### Required work
Please repeat, exactly as they stand, the line containing "Top con pizzo" and the lines after it through the final line of the listing below, minus pictures.

### Supplied data
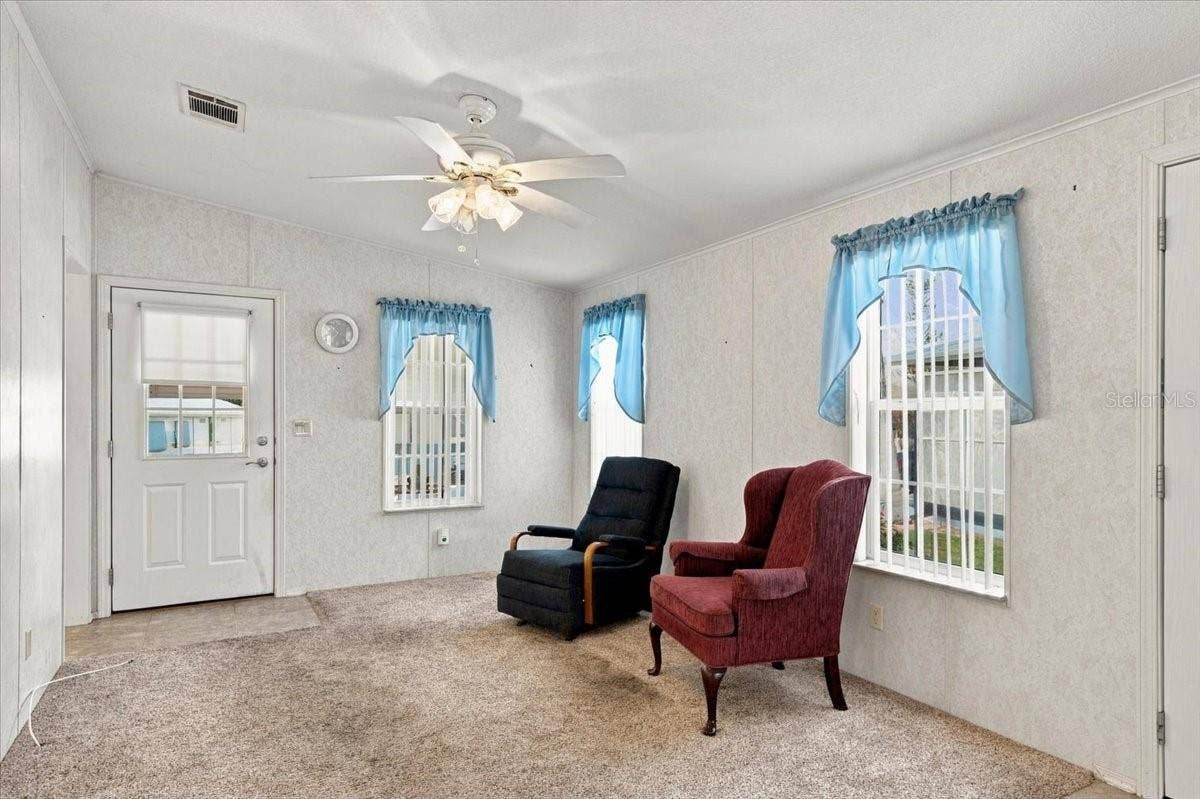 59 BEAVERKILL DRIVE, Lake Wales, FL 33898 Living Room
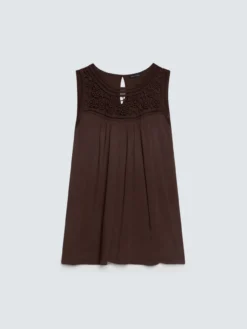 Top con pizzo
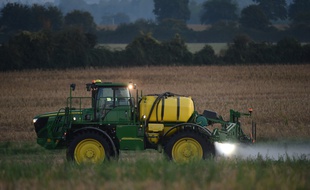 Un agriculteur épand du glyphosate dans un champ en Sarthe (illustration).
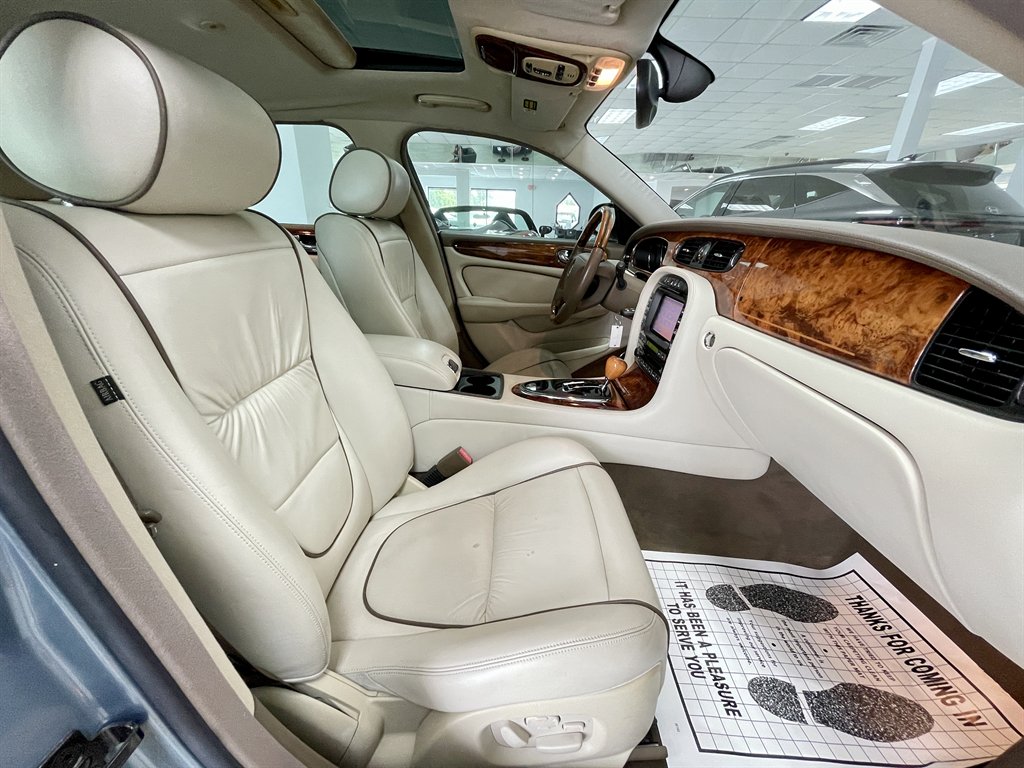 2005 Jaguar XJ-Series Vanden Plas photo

### Final answer
 Top con pizzo
 Un agriculteur épand du glyphosate dans un champ en Sarthe (illustration).
 2005 Jaguar XJ-Series Vanden Plas photo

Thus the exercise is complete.